Unworkable Structures

I was chatting with a colleague the other day about how we put people in totally unworkable situations.

We verbally encourage them to get out into the world and live out the gospel. We challenge them to serve others, particularly the poor and marginalised, and we challenge them to reach out to their friends and family with the gospel. These things are great, I believe the church needs to work on serving and reaching corporately as well as individually.

But my problem is that right after we encourage them to go and do these things we remove their ability to do it by demanding too much of their time, energy, relationships and focus. The result is that either people become church junkies and spend all their time and energy in churchland or people become marginalised by the christian community because they spend their time out in the world witnessing to the truth and not participating in churchland ...

For years now I've wondered why we haven't seen people serving and reaching like we would hope, maybe a big part of it is that we build unworkable structures around them.

Saturday, May 14, 2005

grid blog :: pentecost 2005



If a key distinctive of the emerging church is its focus on mission then the celebration of a day such as Pentecost is a particularly important one.

For a long time I didn't understand the role of the Holy Spirit, I was quite confused about him (yes he's a him!). I was either swept up in self focussed super spiritual hype or I found myself quenching the Spirit by not allowing him any space in my life.

It wasn't until relatively recently that I learned about the key role that the Spirit plays in God's missionary work. The story below is a critical one because it really does set the tone for the book of Acts and what mission looks like in the New Testament church. Read and enjoy.

Acts 2
The Holy Spirit Comes at Pentecost
1When the day of Pentecost came, they were all together in one place. 2Suddenly a sound like the blowing of a violent wind came from heaven and filled the whole house where they were sitting. 3They saw what seemed to be tongues of fire that separated and came to rest on each of them. 4All of them were filled with the Holy Spirit and began to speak in other tongues as the Spirit enabled them.

5Now there were staying in Jerusalem God-fearing Jews from every nation under heaven. 6When they heard this sound, a crowd came together in bewilderment, because each one heard them speaking in his own language. 7Utterly amazed, they asked: "Are not all these men who are speaking Galileans? 8Then how is it that each of us hears them in his own native language? 9Parthians, Medes and Elamites; residents of Mesopotamia, Judea and Cappadocia, Pontus and Asia, 10Phrygia and Pamphylia, Egypt and the parts of Libya near Cyrene; visitors from Rome 11(both Jews and converts to Judaism Cretans and Arabs—we hear them declaring the wonders of God in our own tongues!" 12Amazed and perplexed, they asked one another, "What does this mean?"

13Some, however, made fun of them and said, "They have had too much wine."
Peter Addresses the Crowd
14Then Peter stood up with the Eleven, raised his voice and addressed the crowd: "Fellow Jews and all of you who live in Jerusalem, let me explain this to you; listen carefully to what I say. 15These men are not drunk, as you suppose.
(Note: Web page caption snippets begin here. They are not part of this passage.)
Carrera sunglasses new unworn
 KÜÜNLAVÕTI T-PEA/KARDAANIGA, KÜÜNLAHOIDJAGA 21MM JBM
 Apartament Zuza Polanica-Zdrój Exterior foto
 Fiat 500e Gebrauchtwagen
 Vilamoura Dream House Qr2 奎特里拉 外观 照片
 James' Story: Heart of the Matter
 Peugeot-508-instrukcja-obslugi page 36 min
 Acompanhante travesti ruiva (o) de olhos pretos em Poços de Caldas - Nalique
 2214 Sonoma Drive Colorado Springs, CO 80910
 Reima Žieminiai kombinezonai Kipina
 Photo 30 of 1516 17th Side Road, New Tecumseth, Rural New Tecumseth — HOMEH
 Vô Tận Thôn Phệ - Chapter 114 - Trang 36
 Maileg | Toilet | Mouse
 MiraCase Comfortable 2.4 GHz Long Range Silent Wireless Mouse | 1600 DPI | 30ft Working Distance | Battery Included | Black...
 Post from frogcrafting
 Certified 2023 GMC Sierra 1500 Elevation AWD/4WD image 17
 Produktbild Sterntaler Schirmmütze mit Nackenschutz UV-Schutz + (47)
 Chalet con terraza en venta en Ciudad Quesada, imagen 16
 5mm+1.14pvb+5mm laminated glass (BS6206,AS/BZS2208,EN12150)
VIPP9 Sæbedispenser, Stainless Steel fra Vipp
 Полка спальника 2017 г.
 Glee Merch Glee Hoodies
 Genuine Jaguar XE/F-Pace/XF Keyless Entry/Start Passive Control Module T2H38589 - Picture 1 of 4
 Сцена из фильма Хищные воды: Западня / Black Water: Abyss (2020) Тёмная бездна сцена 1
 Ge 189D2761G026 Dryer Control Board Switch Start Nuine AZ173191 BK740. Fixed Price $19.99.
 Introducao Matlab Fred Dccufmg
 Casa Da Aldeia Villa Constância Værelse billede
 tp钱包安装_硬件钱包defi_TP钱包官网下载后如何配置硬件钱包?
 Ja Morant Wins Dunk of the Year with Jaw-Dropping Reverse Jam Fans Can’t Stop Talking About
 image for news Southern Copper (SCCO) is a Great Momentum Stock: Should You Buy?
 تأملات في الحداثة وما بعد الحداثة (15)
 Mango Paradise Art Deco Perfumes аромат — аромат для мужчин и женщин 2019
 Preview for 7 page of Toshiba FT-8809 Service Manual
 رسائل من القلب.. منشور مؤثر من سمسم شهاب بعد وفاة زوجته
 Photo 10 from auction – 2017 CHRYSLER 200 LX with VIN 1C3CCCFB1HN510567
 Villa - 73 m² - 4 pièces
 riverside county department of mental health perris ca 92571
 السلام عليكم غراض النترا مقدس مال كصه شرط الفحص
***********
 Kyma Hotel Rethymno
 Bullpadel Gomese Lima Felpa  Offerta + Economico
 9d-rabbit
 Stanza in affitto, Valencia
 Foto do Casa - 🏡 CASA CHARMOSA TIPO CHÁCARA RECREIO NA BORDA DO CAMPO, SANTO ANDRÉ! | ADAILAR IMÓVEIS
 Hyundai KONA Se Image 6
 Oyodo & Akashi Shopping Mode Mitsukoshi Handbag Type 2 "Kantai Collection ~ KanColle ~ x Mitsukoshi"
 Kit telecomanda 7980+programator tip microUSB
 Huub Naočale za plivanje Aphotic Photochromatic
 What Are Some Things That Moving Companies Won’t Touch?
It's only nine in the morning! 16No, this is what was spoken by the prophet Joel:
17" 'In the last days, God says,
I will pour out my Spirit on all people.
Your sons and daughters will prophesy,
your young men will see visions,
your old men will dream dreams.
18Even on my servants, both men and women,
I will pour out my Spirit in those days,
and they will prophesy.
19I will show wonders in the heaven above
and signs on the earth below,
blood and fire and billows of smoke.
20The sun will be turned to darkness
and the moon to blood
before the coming of the great and glorious day of the Lord.
21And everyone who calls
on the name of the Lord will be saved.'

22"Men of Israel, listen to this: Jesus of Nazareth was a man accredited by God to you by miracles, wonders and signs, which God did among you through him, as you yourselves know. 23This man was handed over to you by God's set purpose and foreknowledge; and you, with the help of wicked men, put him to death by nailing him to the cross. 24But God raised him from the dead, freeing him from the agony of death, because it was impossible for death to keep its hold on him. 25David said about him:
" 'I saw the Lord always before me.
Because he is at my right hand,
I will not be shaken.
26Therefore my heart is glad and my tongue rejoices;
my body also will live in hope,
27because you will not abandon me to the grave,
nor will you let your Holy One see decay.
28You have made known to me the paths of life;
you will fill me with joy in your presence.'

29"Brothers, I can tell you confidently that the patriarch David died and was buried, and his tomb is here to this day. 30But he was a prophet and knew that God had promised him on oath that he would place one of his descendants on his throne. 31Seeing what was ahead, he spoke of the resurrection of the Christ, that he was not abandoned to the grave, nor did his body see decay. 32God has raised this Jesus to life, and we are all witnesses of the fact. 33Exalted to the right hand of God, he has received from the Father the promised Holy Spirit and has poured out what you now see and hear. 34For David did not ascend to heaven, and yet he said,
" 'The Lord said to my Lord:
"Sit at my right hand
35until I make your enemies
a footstool for your feet." '

36"Therefore let all Israel be assured of this: God has made this Jesus, whom you crucified, both Lord and Christ."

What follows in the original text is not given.